Запертая дверь тоже не большая помеха для вора. Ну а если этот вор домоуправ, тем более. Он знает, в какой квартире никого нет, и забирается в нее без суеты и спешки. Так, в частности, действовала домоуправ Мария Израилевна Гликлина, обкрадывая оставленные жильцами («законсервированные», как тогда их называли) квартиры в доме 4 по Варсонофьевскому переулку. Когда дома у Гликлиной сделали обыск, то нашли, помимо других похищенных вещей, десять патефонов! (На рынке каждый патефон можно было тогда продать за 200–300 рублей.) В апреле 1942 года на этих патефонах для нее могла бы прозвучать одна музыка – траурный марш. Трибунал приговорил Гликлину к расстрелу с конфискацией имущества. Правда, Верховный трибунал заменил ей смертную казнь восемью годами лишения свободы и к тому же без конфискации имущества.

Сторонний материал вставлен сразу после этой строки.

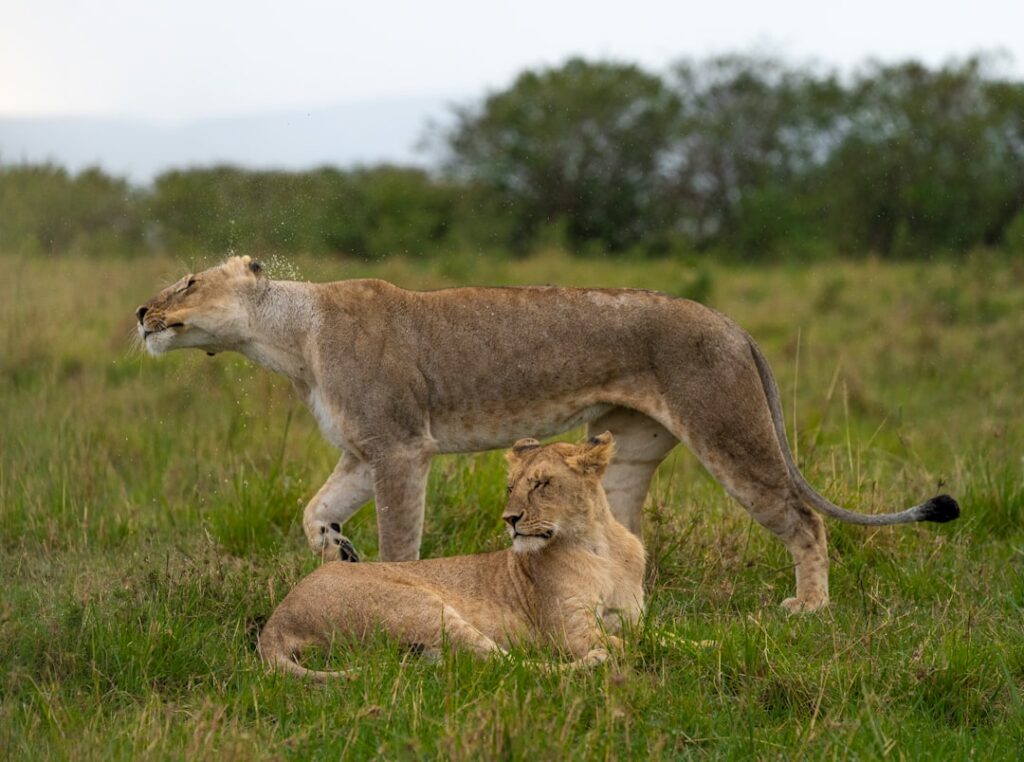 Female lion names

Случались с патефонами сюжеты и пострашнее. В доме 95 по Красной улице, в Филях, жила Голышева со своим сожителем Ломановым. В январе 1942 года они обнаружили у себя кражу. Пропали кое-какие вещи, а главное, большой красный патефон. Поразмыслив над тем, кто бы это мог сделать, сошлись на том, что сделал это Вовка Карасев, сын соседки, больной, забитой бабы. Дождавшись, когда ее не было дома, а Вовка куда-то вышел, они обыскали их комнату, но ничего своего в ней не нашли. Голышева заколебалась: «Может, не он?», но Ломанов стоял на своем: «Кто же еще? Больше некому».